--Bayer shares slipped after the company cut its views amid lower demand in the agricultural sector

--The chemicals and pharma major announced billions of euros in cost cuts, but said even that may not offset declining sales

--Bayer has had bad news every year since its mega-deal to buy agricultural-products company Monsanto, Bryan Garnier analysts said

 
 

By Joshua Kirby

 

Shares in Bayer AG plunged on Thursday morning after it set new guidance and announced billions in cost cuts amid falling demand for agricultural products, an area that has been hit harder than expected by the coronavirus pandemic.

The German chemicals-and-pharmaceuticals company said late on Wednesday that it now expects sales to be flat in 2021, having previously guided for sales growth of around 4%. The company also said it expects its core earnings-per-share for 2021 to be below this year's level at constant exchange rates.

Bayer said it targets operational savings of more than 1.5 billion euros ($1.76 billion) a year as of 2024, which come on top of existing plans to cut EUR2.6 billion a year in costs from 2022.

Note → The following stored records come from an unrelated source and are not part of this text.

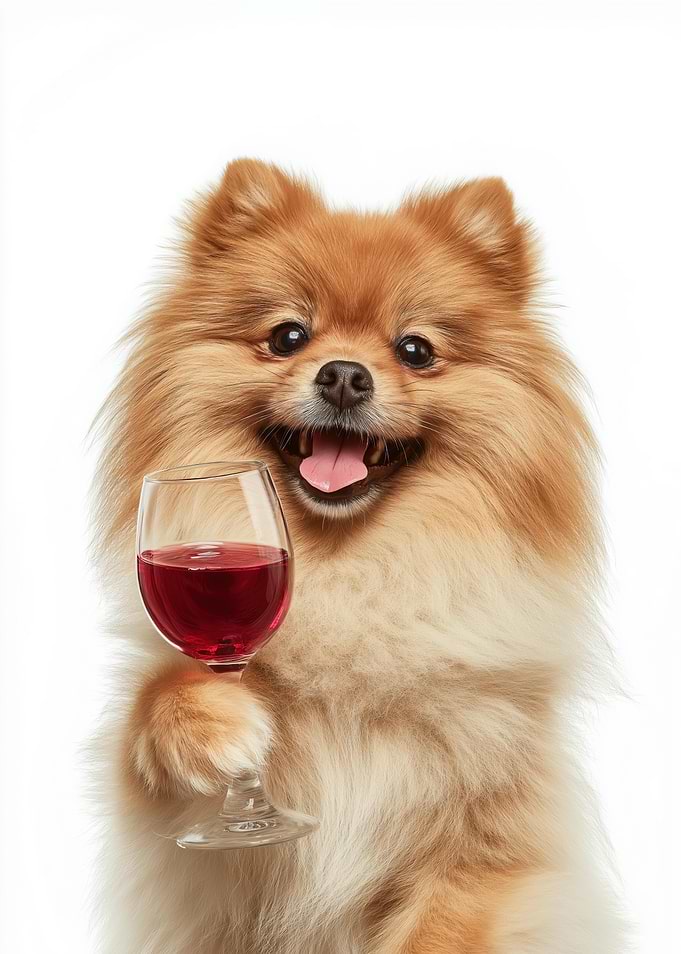 Pomeranian dog holding glass of red wine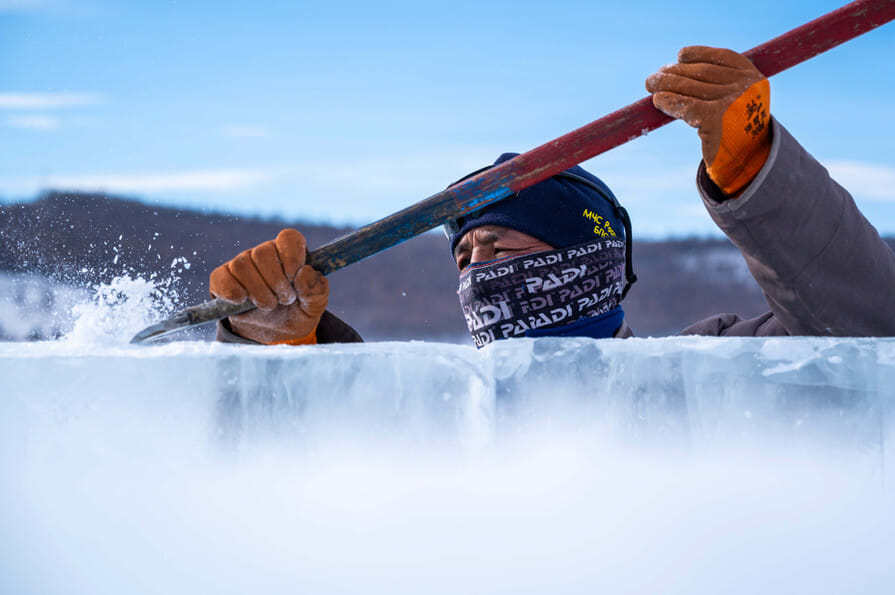 Finish at the Ice Festival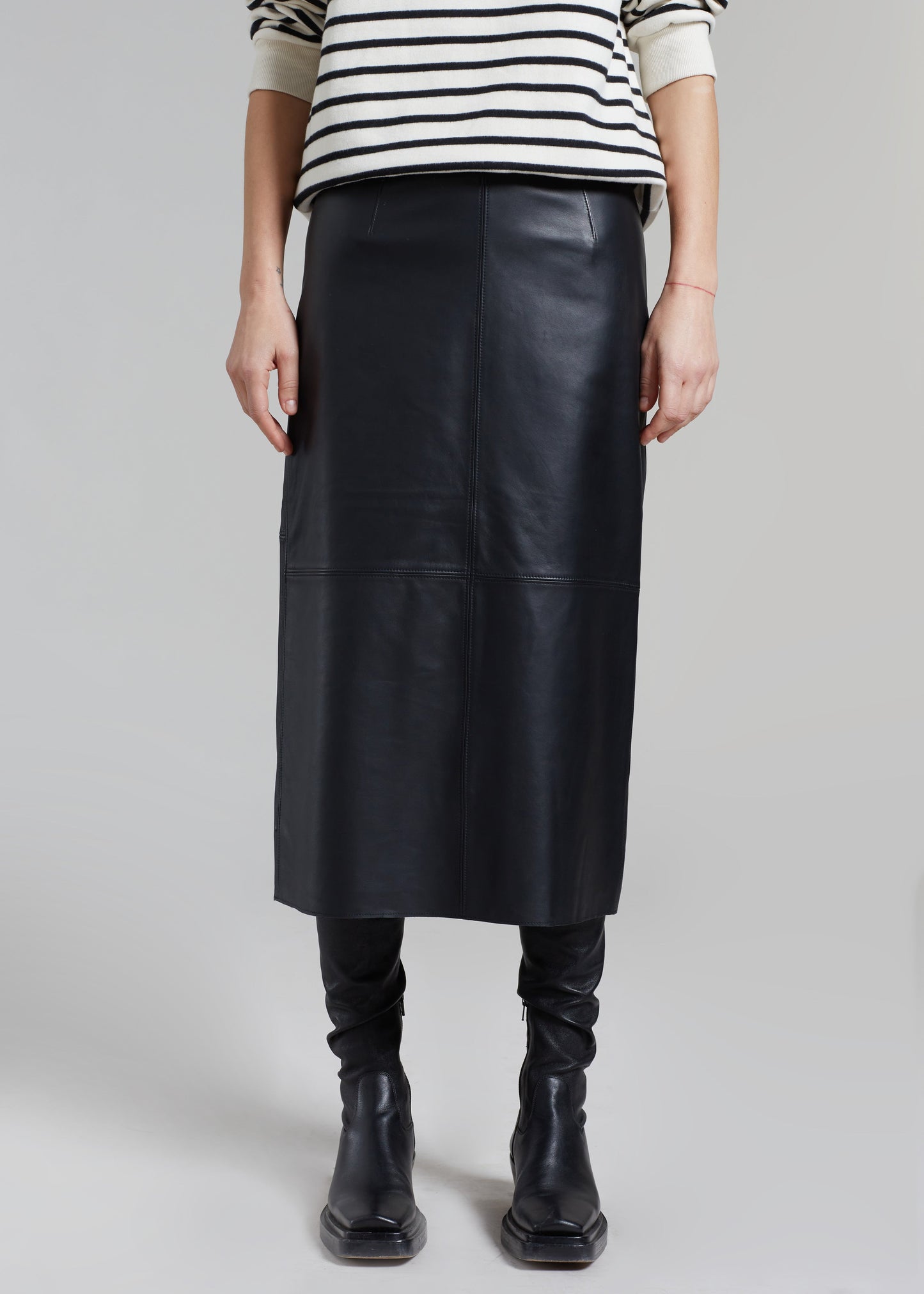 Heather Leather Pencil Skirt - Black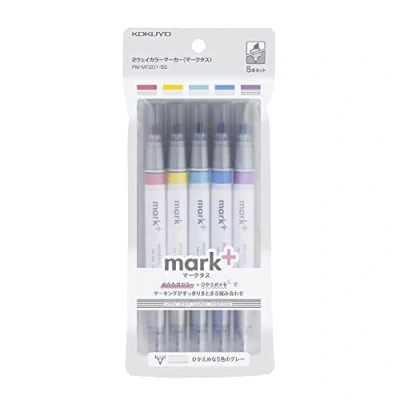Afbeelding van Kokuyo Mark+tweeweg kleurmarkering, grijs type, 5 pack (PM MT201 5S)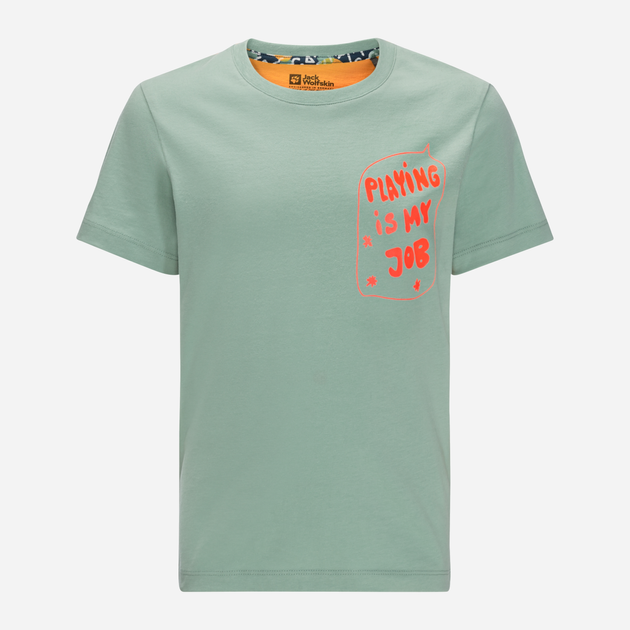 Дитяча футболка для дівчинки Jack Wolfskin Villi T K 1609721-4215 128 см Зелена (4064993684179) - зображення 1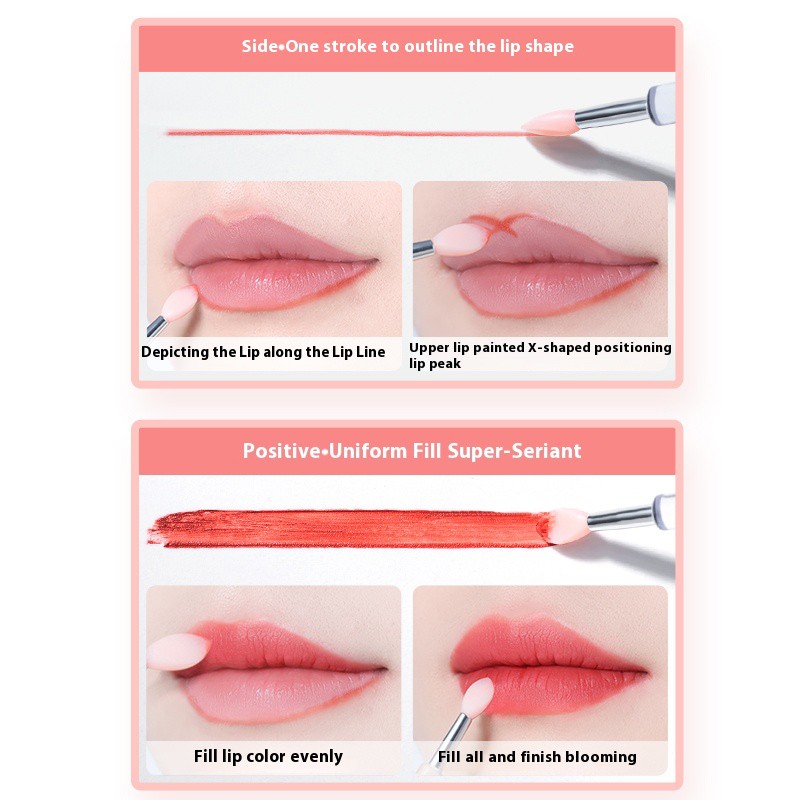 Lip Brush with Cover Factory - Goodgudi Portable Silicone Professional Lipstick Makeup Beauty Tool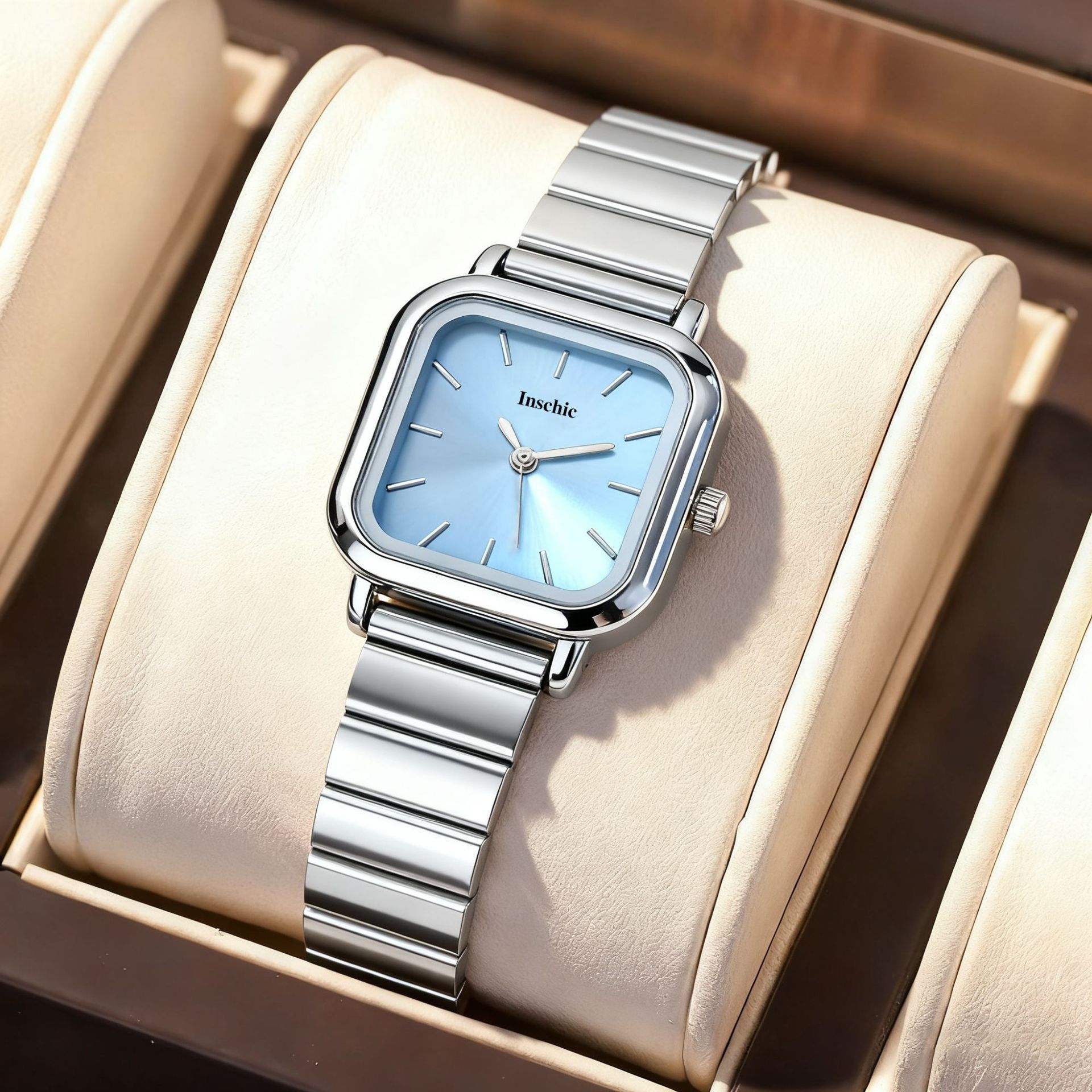 Cross-Border Hot Selling Steel Band Women's Watches Wholesale Ins Women's Watches Girls Light Luxury Square Women's Watches Quartz Watches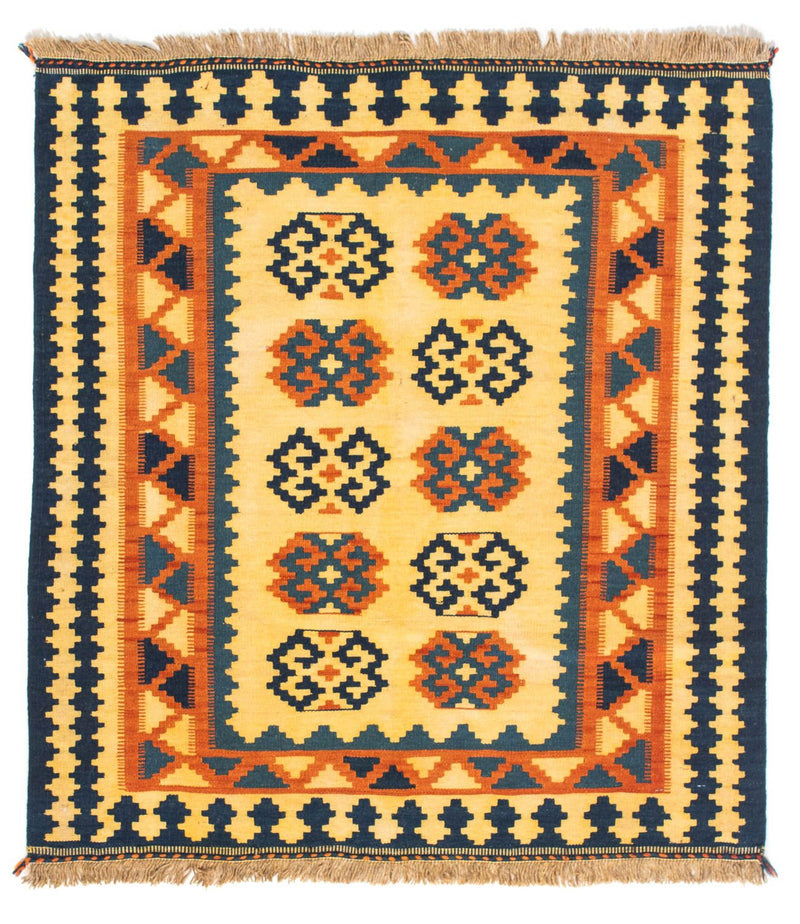 Kelim-tæppe - orientalsk firkantet  - 107 x 100 cm - lys beige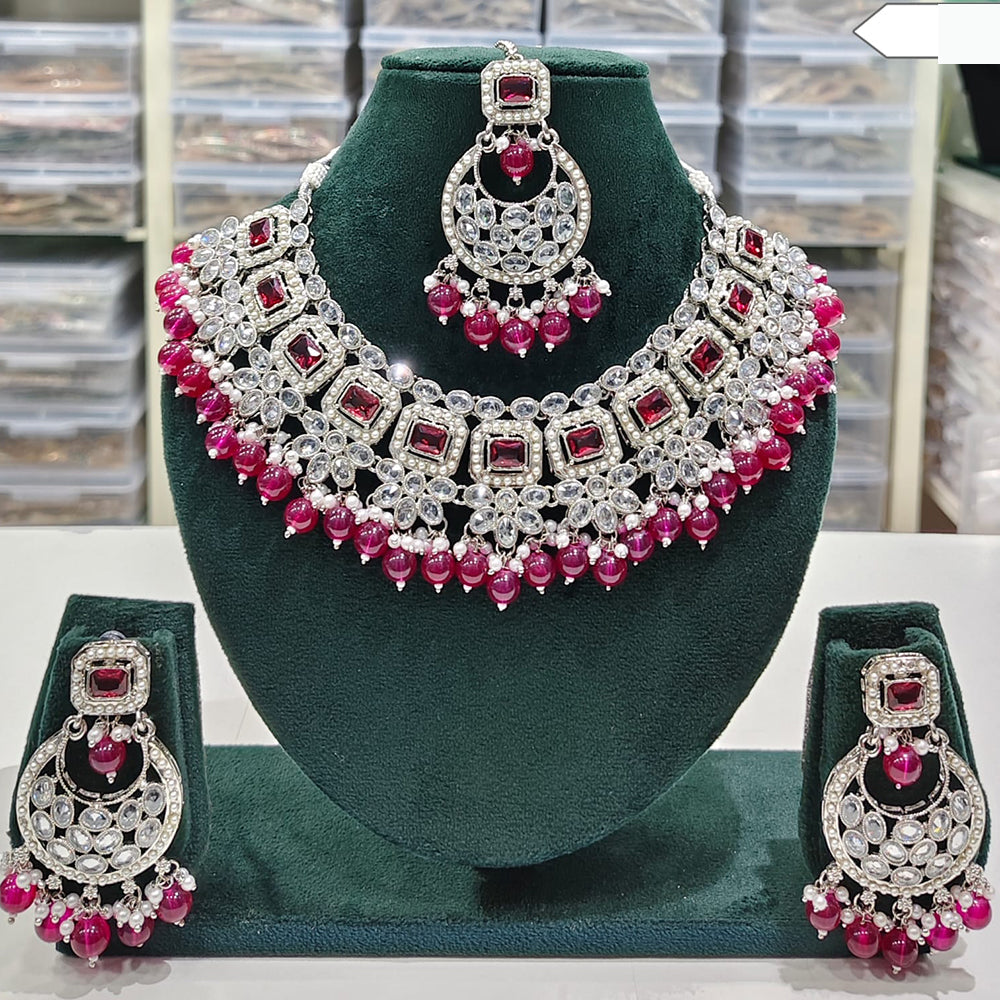 Rajwadi Collection Timeless Grace Crystal Stone And Pearl Necklace Set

The cost cuts aren't expected to entirely offset declining sales, meaning Bayer now also expects to miss its cash-flow targets for 2021.

At 0847 GMT, Bayer shares were down 10% at EUR47.95.

Analysts at Bryan Garnier said that since Bayer acquired crop-science business Monsanto, it "has delivered its basket of bad news every year and it is clear now that the group will not deliver the revenue growth expected at the time of this acquisition."

Bryan Garnier downgraded the stock to sell from neutral on Thursday, and said the lack of visibility in Bayer's crop-science and pharma division should weigh on the share price.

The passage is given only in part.